EXERCISE DETAILS: Word for word, restate the lines from the one containing "Once I had it" through the last line of the material, and include no pictures.

• • • •

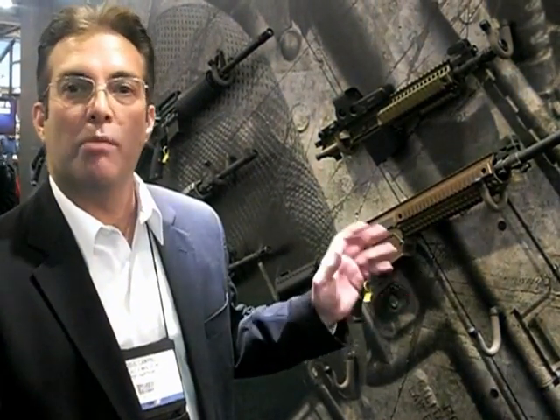Hi, I'm Doug Campbell with Colt, live from the 2012 SHOT Show. I'm going to talk to you today about the Colt LE 901 Modular Weapon System.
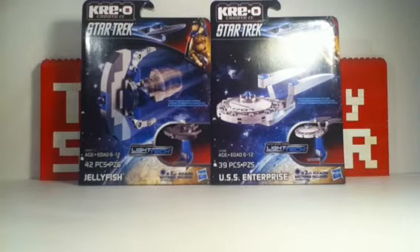Greetings LEGO fans, MightyStacker here to review two Creo Star Trek sets. These are my very first Creo sets — kind of exciting. These two sets are the small building sets.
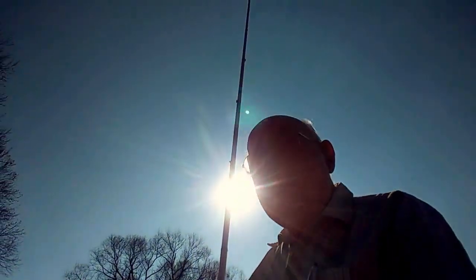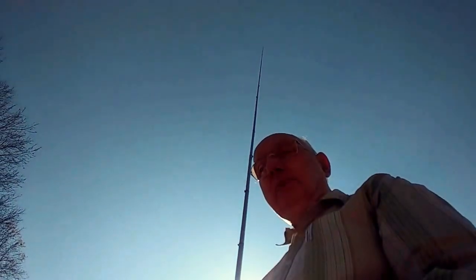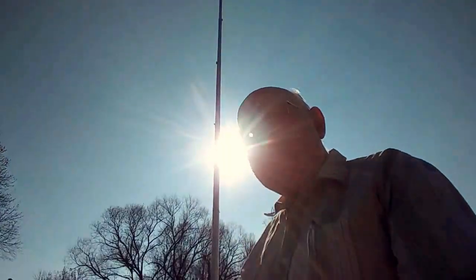It works pretty good. The antenna goes up for a ways, way up in the sky — 43 feet, freestanding vertical.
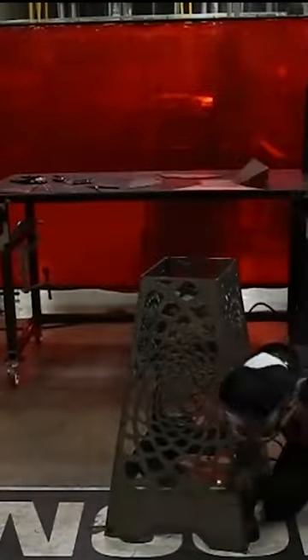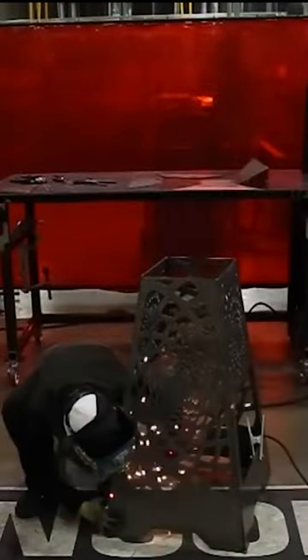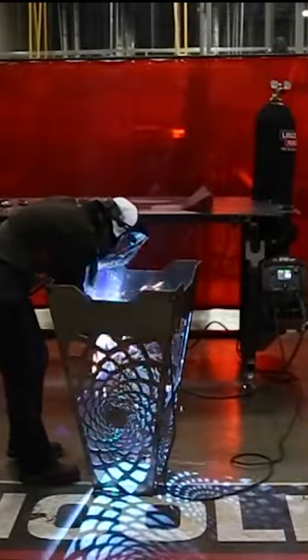Once I had it all tacked up, I'm going to need to flip it over so I can get a better angle and see what I'm actually going to be welding. Now I'm going to throw one inch welds about two inches apart all the way down each side.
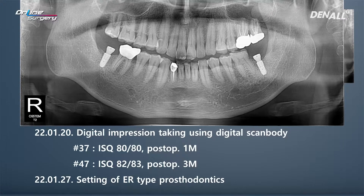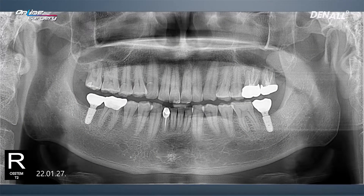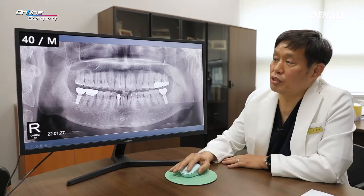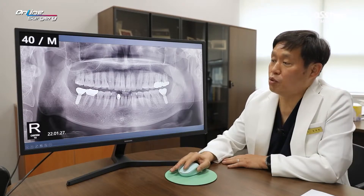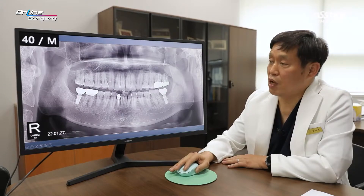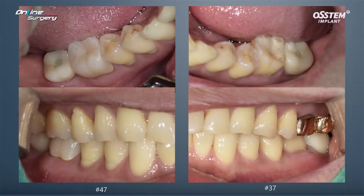After one week, an ER type prosthesis was provided. For number 37, one month after surgery, a scan body was used to take a digital impression and the prosthesis was delivered. For number 47, the prosthesis was delivered three months after surgery. Even though number 37 was an extraction socket, using the SOI surface allowed favorable ISQ measurement after one month, and the prosthesis was delivered. Number 47 and 37 ER type prostheses were delivered and this is the result in occlusion.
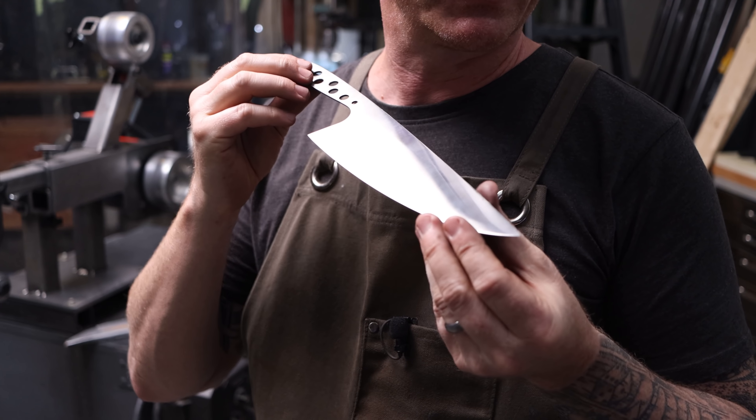To get started removing and cleaning up these lines, I'm going to start with a 100 grit ceramic belt, and then we'll probably finish the blade with a surface conditioning belt.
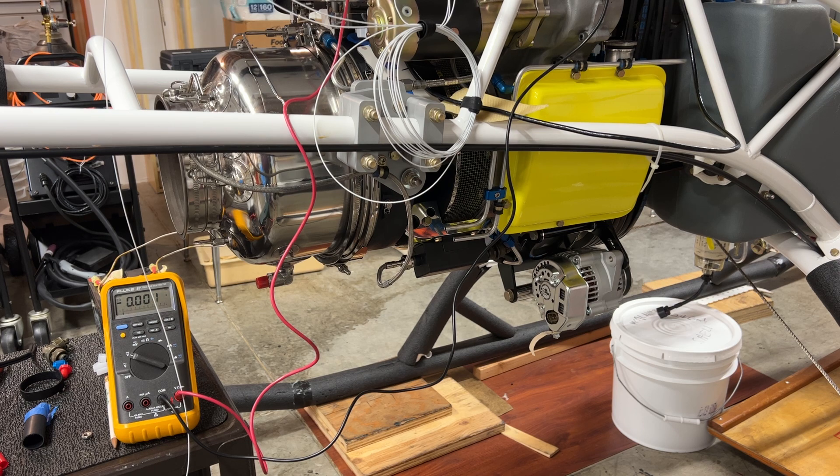The batteries are freshly charged at 14.02 volts. We're going to be noting the success of the starting sequence, the apparent temperature of the number 8 wire, as well as the voltage as measured at the starter during the course of the start.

• • • •

ANSWER TO THIS TASK:
Once I had it all tacked up, I'm going to need to flip it over so I can get a better angle and see what I'm actually going to be welding. Now I'm going to throw one inch welds about two inches apart all the way down each side.
After one week, an ER type prosthesis was provided. For number 37, one month after surgery, a scan body was used to take a digital impression and the prosthesis was delivered. For number 47, the prosthesis was delivered three months after surgery. Even though number 37 was an extraction socket, using the SOI surface allowed favorable ISQ measurement after one month, and the prosthesis was delivered. Number 47 and 37 ER type prostheses were delivered and this is the result in occlusion.
To get started removing and cleaning up these lines, I'm going to start with a 100 grit ceramic belt, and then we'll probably finish the blade with a surface conditioning belt.
The batteries are freshly charged at 14.02 volts. We're going to be noting the success of the starting sequence, the apparent temperature of the number 8 wire, as well as the voltage as measured at the starter during the course of the start.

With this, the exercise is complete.